Bain got notice that she was no longer Michael Jackson's publicist last Friday around 7:30 p.m. PDT when the notice of her dismissal was posted on a Web site owned by Jackson's brother, Randy Jackson.

At the time, Bain was in the restaurant of the Santa Maria Holiday Inn. Her assistant was in a car on the way to Los Angeles International Airport for a flight home to Washington, D.C.

But now, I've learned, something happened that hasn't yet been reported.

Around 8 p.m., Jackson arrived at the Holiday Inn in an SUV with his father, Joseph Jackson, and social activist Dick Gregory.

Workers at the hotel have confirmed this to me. So, too, have fans who followed the SUV to the hotel.

Jackson and company went straight into the hotel and upstairs to a private room, I am told.

It's unclear whether or not they met with Bain, but the only other people they would have known at the hotel would have been the Rev. Jesse Jackson and his friend, Gregory Calhoun — both of whom had checked out two days earlier, on June 8.

So it now seems clear that Jackson knew about Bain's dismissal when it happened, contrary to all the reports we received that he had been kept in the dark.

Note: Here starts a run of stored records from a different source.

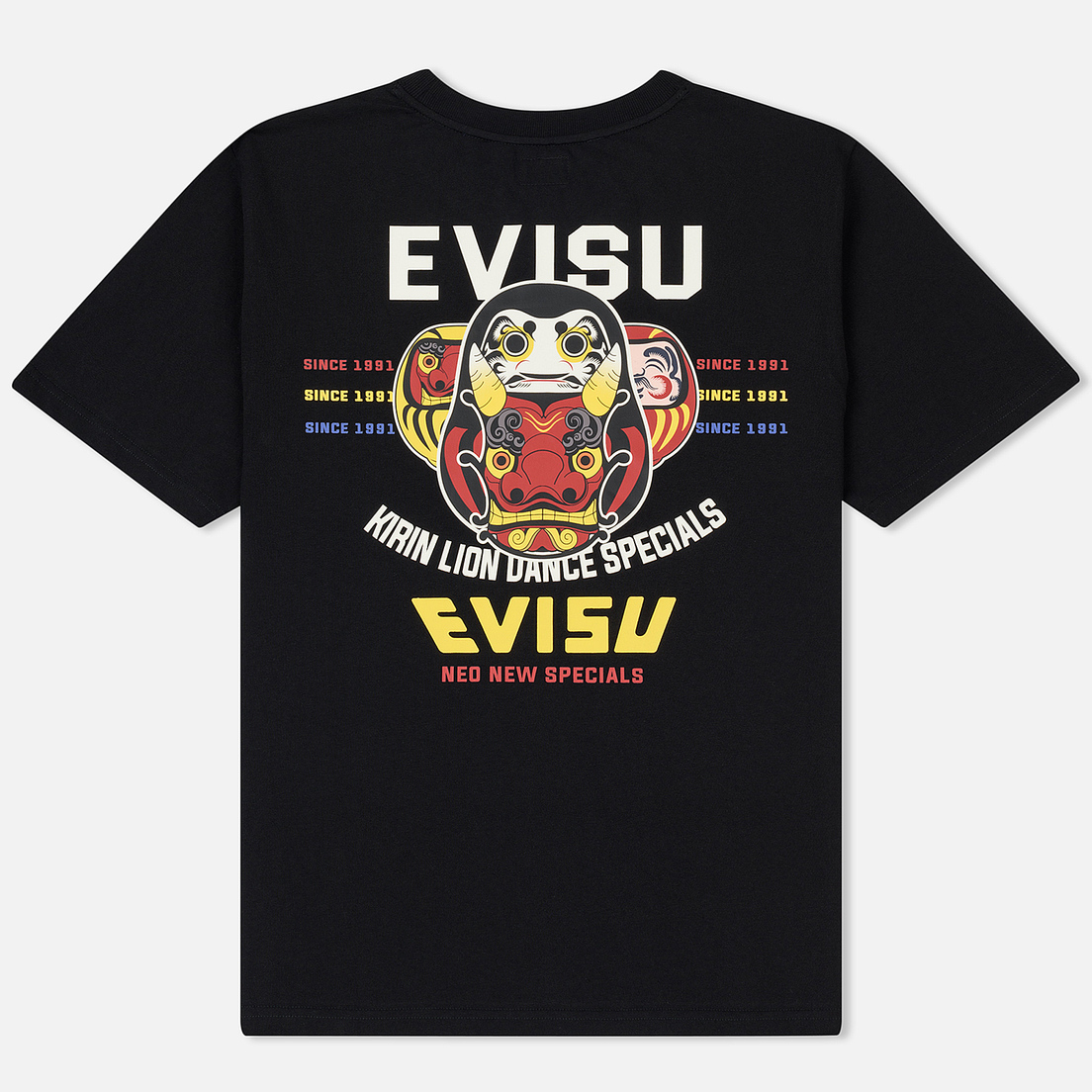 Evisu Мужская футболка Heritage Kirin Lion Dance Daruma Printed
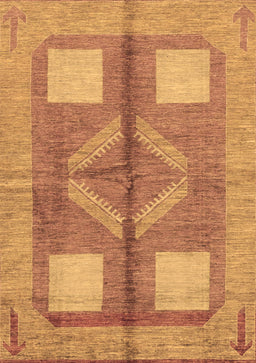 Abstract Brown Modern Rug, abs1548brn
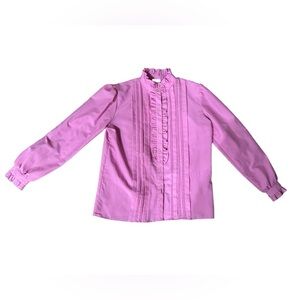 Ruffled Vintage 70s Blouse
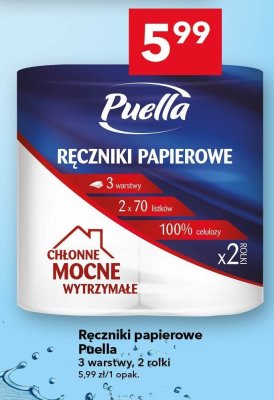 Ręczniki papierowe Puella promocja w LEWIATAN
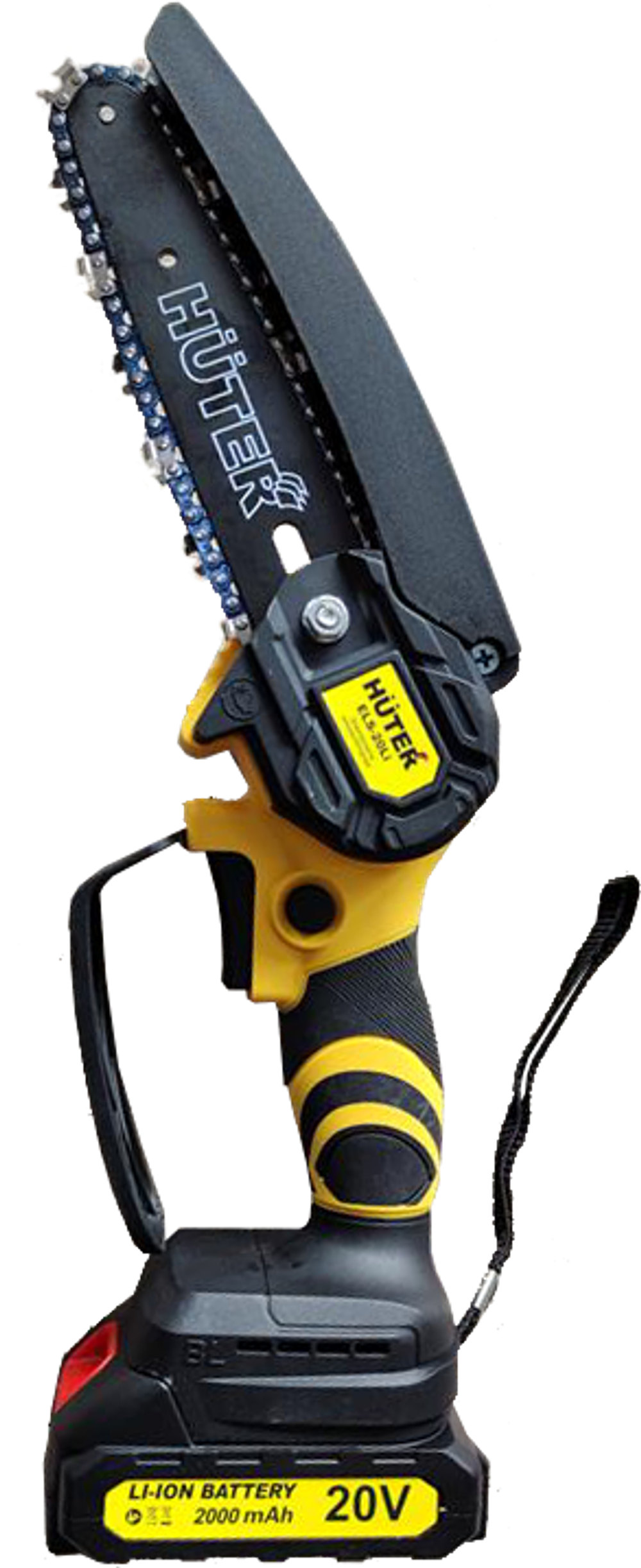 Электропила Huter ELS-20Li, аккумуляторная, прорезиненная рукоять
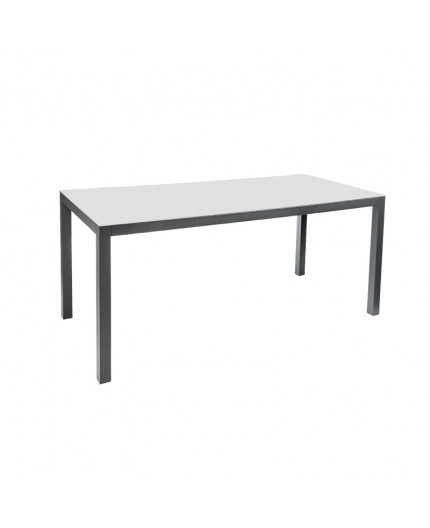 Table fixe plateau verre 200x90cm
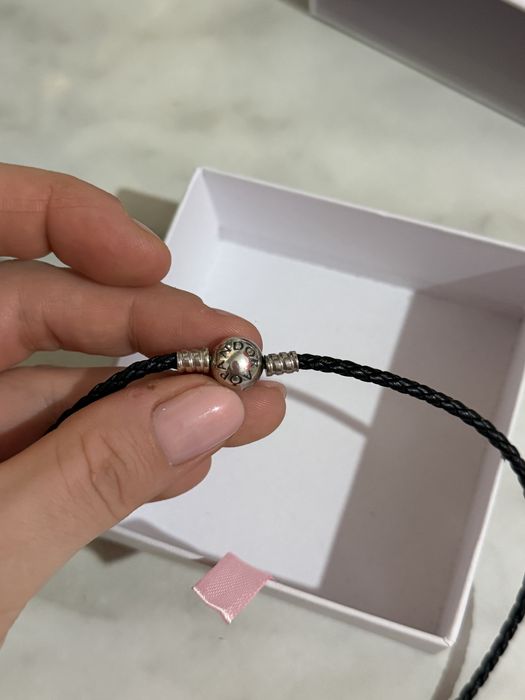 Браслет pandora кожаный оригинальный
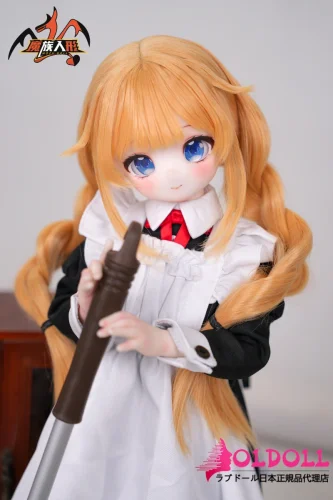 MOZU DOLL 1/3ドール 三分 夜夜(Yenni)ちゃん【SR級】ミニタイプの可愛い美少女ドール メイドアニメ系ラブドール ソフトビニール製頭部 シリコン製ボディ 【宣伝画像と同じ制服も付属】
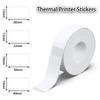Waterproof Thermal Printer Stickers Tear-Resistant Multifunctional Thermal Printing Label Paper Replacement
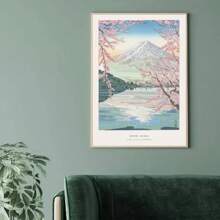1pc Japanese Print Hasui Kawase Poster Art Abstract Painting Retro Decorative Painting Canvas Printing Frameless Painting For Home
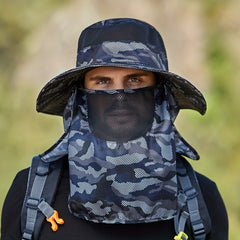 Camouflage Sun Hat Fishing Cap Outdoor Fisherman Hat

This now makes more sense, and is at least consistent with the Jackson we've come to know over the year: one who likes to let others do his dirty work, or at least take credit for it.

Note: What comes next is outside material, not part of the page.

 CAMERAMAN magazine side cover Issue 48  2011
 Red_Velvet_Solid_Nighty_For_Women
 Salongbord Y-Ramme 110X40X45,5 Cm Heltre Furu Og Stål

While Bain was indeed pushed out by Jackson's brother Randy, it's pretty well established that Michael knew what was going on.

Goodbye Santa Maria; All This Useless Beauty

And so we leave the greater Santa Maria area today after an unplanned stay of about 12 weeks.

It is not a beautiful town. In fact, Santa Maria is the kind of place best left behind, dotted mostly with fast-food restaurants and strip malls.

Wal-Mart and J.C. Penney are its biggest attractions. The local bar has a mechanical bull. But at Bill's, a local drive-up hamburger stand that has endured for a good 40 years, you can get the best malted milkshake for miles around.

I hope that if the city fathers and mothers here — who are planning some kind of yucky rehab of the town — get their way, they will at least leave alone what makes Santa Maria kind of quaint.

Places like Bill's, Boys Coffee House and lots of strange and eerie motels with authentic signage, make Santa Maria strangely tolerable.

What the town does not need are more chain outlets or anonymous sub-par national franchises coming in and homogenizing an already cultureless situation.

The drive-through Starbucks is enough, although luring in The Gap might not be such a bad idea. So far, Santa Maria is best known as a place where it is impossible to buy a piece of clothing made from 100 percent cotton, wool or silk. That's quite a distinction.

But don't think that Santa Maria is typical of the Central Coast area. In fact, it's quite the opposite.

The area where Michael Jackson lives, the Santa Ynez Valley, is jaw-droppingly beautiful. The real surprise about Santa Maria is that if you go 20 miles in any direction, the surrounding landscape offers unlimited enjoyments.

From the moonscape of the Guadalupe dunes to the honky-tonk charm of Pismo Beach, cows grazing on pastoral hills, stony granite-lined mountains, the dusty roads of Casmalia and the gorgeous pink-and-orange sunsets over flat fields of broccoli farms, the whole area has been a pleasure to live in.

You can't help thinking, though: Somehow Jackson missed all this. Living behind his gates, lost in a world of make-believe, he never got to appreciate, as Elvis Costello might call it, all this useless beauty.